Avatar works hard to redefine the original show’s most complicated characters, to varied effect.


Kim detailed some changes made to the source material in the lead up to Avatar’s premiere. When it came to Azula specifically, Kim credits the “benefit of hindsight” in having all three seasons of the cartoon to pull from. In the original Avatar, Azula doesn’t appear until the second season. But Kim and his creative team saw an opportunity to bring a bit more depth to the character by bringing her into Season 1. “We know how big a character Azula becomes in the series,” Kim told SFX Magazine, “so we had the benefit of hindsight in fleshing out her character and being able to tell a story with her in it in Season 1.”

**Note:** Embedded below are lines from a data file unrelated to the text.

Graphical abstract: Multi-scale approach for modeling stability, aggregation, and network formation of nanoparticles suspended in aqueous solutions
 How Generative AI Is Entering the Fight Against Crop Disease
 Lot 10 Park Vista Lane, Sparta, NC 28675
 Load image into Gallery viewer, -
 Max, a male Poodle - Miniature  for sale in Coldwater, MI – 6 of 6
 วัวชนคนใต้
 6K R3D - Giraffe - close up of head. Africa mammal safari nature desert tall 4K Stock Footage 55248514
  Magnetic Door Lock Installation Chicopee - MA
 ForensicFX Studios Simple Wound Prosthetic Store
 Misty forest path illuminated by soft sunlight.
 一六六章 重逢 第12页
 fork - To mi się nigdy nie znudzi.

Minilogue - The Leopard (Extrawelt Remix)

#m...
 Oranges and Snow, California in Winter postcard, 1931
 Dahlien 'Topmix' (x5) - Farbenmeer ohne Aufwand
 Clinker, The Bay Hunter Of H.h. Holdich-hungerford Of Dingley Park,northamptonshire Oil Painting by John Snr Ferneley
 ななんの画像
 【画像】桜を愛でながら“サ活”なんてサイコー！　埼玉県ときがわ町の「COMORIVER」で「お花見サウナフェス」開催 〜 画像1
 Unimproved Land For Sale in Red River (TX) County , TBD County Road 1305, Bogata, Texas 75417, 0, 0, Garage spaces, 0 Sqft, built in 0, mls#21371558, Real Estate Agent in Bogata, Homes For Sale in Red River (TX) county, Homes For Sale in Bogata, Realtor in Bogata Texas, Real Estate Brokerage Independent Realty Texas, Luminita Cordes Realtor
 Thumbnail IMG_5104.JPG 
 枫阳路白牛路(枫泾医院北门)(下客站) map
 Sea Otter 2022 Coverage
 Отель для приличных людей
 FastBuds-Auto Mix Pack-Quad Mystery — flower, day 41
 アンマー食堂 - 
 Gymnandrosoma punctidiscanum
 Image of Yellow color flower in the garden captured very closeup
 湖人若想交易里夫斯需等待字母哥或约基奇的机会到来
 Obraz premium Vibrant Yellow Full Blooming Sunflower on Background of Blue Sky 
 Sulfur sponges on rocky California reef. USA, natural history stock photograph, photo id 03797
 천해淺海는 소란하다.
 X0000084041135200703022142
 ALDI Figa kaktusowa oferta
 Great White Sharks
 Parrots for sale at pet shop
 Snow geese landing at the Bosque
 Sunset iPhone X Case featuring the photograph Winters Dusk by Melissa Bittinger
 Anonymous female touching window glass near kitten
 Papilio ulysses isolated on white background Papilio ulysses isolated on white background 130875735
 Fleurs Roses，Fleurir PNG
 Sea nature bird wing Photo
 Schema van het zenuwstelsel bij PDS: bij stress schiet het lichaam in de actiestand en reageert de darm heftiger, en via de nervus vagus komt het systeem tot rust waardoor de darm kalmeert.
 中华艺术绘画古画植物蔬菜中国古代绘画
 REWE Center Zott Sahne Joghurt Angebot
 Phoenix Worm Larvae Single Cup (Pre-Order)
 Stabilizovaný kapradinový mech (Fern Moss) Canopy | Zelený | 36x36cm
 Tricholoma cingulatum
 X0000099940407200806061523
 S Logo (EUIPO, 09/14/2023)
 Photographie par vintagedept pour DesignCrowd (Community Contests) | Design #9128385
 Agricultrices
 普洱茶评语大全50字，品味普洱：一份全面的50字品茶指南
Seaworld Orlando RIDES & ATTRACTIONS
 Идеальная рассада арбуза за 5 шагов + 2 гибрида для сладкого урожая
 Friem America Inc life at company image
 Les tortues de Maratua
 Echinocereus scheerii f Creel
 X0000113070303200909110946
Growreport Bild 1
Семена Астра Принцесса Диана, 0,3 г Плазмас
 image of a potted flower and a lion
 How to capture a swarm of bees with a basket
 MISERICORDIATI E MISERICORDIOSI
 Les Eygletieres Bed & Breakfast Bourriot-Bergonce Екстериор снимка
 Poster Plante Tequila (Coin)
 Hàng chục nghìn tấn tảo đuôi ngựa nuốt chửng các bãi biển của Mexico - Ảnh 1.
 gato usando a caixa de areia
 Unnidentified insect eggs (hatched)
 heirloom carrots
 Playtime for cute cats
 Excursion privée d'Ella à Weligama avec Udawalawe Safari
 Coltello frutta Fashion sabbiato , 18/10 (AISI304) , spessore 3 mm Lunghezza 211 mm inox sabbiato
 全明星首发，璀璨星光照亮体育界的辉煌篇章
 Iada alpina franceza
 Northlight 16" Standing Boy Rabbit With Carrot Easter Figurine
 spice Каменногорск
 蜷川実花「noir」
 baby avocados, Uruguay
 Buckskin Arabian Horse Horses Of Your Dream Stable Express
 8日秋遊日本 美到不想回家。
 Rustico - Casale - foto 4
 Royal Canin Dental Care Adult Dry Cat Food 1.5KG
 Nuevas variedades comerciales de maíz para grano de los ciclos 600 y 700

Unfortunately, that doesn’t really work. Fleshing Azula out is one thing — but in introducing her prematurely, Avatar is also sowing the seeds to make her a more sympathetic character. That’s not entirely bad for someone like Zuko, who’s meant to be redeemed. Unlike her brother, though, Azula never gets a redemption arc — at least not in Avatar’s three planned seasons. She’s well-established as a sadistic, sociopathic manipulator, one whose perfectionism eventually leads to her downfall. Her total lack of morality is crucial to establishing the savagery of her father, Fire Lord Ozai (Daniel Dae Kim), and his need to mold his children into instruments of battle.

Azula’s attempts to prove herself to Fire Lord Ozai feel unnecessary, especially for fans of the original Avatar.


Avatar Season 1 pulls the curtain back to explore aspects of Azula’s life in the Fire Nation capital. We see her struggle under Ozai’s impossible expectations, which works... until it doesn’t. On one hand, it brings light to an issue that occasionally felt too subtle in the original series. On the other, it makes Azula’s arc dangerously similar to Zuko’s. Given that her lack of empathy was always meant to serve as a foil to Zuko’s redemption, it’s not a good sign that the lines between the characters are already growing blurred.

Things get messier with the introduction of Mai (Thalia Tran) and Ty Lee (Momona Tamada). The original Avatar positions the characters as the closest thing Azula has to friends — but their relationship is built on a precarious set of expectations. Their dynamic is perfectly established in episodes like “Return to Omashu.” In her hunt for her disavowed brother and uncle Iroh, Azula tries to recruit Ty Lee, an old classmate, into her ranks. She’s only able to win Ty Lee to her side after corrupting the one thing that represents freedom to the character, and she uses similar methods to keep Ty Lee and Mai in line throughout the animated series.

Characters like Mai and Ty Lee are brought into Season 1 along with Azula, but Avatar doesn’t seem to know what to do with them.


Azula employs the same abuse tactics on Mai and Ty Lee as those that Ozai clearly used on her. That’s largely done away with in Netflix’s Avatar, which uses Mai and Ty Lee to spell out Azula’s own abuse in the plainest terms possible. It’s an egregious flattening of a complex, often volatile, dynamic. There’s a chance that subsequent seasons will get the chance to explore their original relationship in other ways, but Avatar Season 1 doesn’t lay down a very firm foundation for these characters.

Kim claims that a full scope of the story helped flesh Azula out in new ways — but in trying to tease future developments, Avatar has actually hurt some of its most nuanced and compelling characters. There’s nothing wrong with garnering sympathy for Azula: despite her rich characterization, she’s probably one of Avatar’s most misunderstood characters. She’s also one of the series’ most objectively evil. Those traits coexist inside her; one shouldn’t be diminished at expense of the other. Again, it’s not too late to remedy her characterization, but it’s disappointing to see the original series’ most sophisticated choices undermined so early in the game.

Avatar: The Last Airbender is currently streaming on Netflix.